You can always get back items, villagers, badges, museum collections. Everything can be replaced, but your town is forever, so do what would make you happier in the end.

Edit: Also, in response to the person who said not to restart since it's your first AC game and town -- No. New Leaf was my first game as well, but I still restarted my town. Yeah, there's a novelty of it being your first, but when you dislike your town it's not like you have any decently pleasant memories of it to begin with. If anything it's making your first AC experience poorer than it should be.


----------



## Zerokii (Jul 29, 2013)

Nope, no regrets. I had a map similar to yours, not exactly but same super windy river carving an 'island' of land. It looked awesome at the time but the more I actually played on it, the more it drove me nuts.

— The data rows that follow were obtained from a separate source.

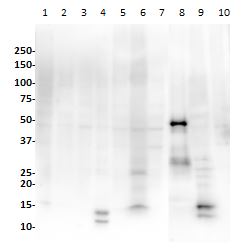 Western blot - Anti-PAX8 antibody [SP348] - N-terminal (ab227707), expandable thumbnail
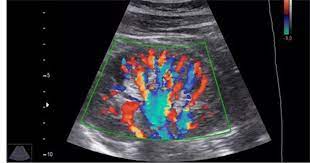 Colour Doppler Test Cost Colour Doppler Ultrasound Price Near Me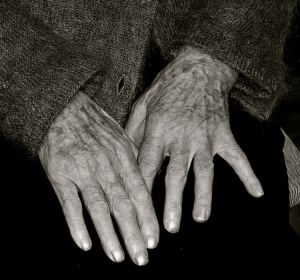 Manos de una anciana Manos de una anciana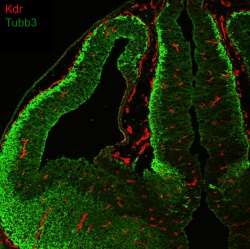 Verteilung von Endothelzellen (rot) und neuronalen Zellen (grün) im Gehirn der...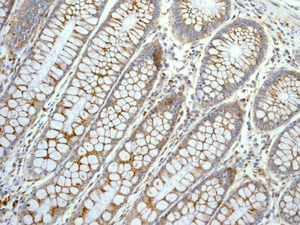IHC of paraffin-embedded human colon tissue using anti-Glucosylceramidase antibody.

It wasn't even a matter of PWP, which I suppose would have probably been a problem later. It was more the fact of being unable to 'get lost' in my town. I dunno, I just couldn't have space. I was constantly tripping on streams and boundaries, and it made my map feel just so tiny. So I reset, and still don't regret it.

And I don't know how much this puts into perspective, but I also had both Whitney and Goldie in that town when I reset.

Anywhoo, in the end, it depends on the person resetting. How much do you really hate your current town, and how much effort are you going to put into finding your new town.


----------



## sheepyton (Jul 29, 2013)

I had much the same problem, terrible layout and neighbors I couldn't stand. I ended up resetting and am happy I did. It took a lot of time and effort (I had almost all of the fossils, tons of fish, bugs and paintings), but at the same time, it's been kind of fun to get all of that stuff back. I also ended up getting really lucky with my villagers (Cheri and Felicity initially, then Bluebear from a campsite. I'm also getting some villagers I really like).


----------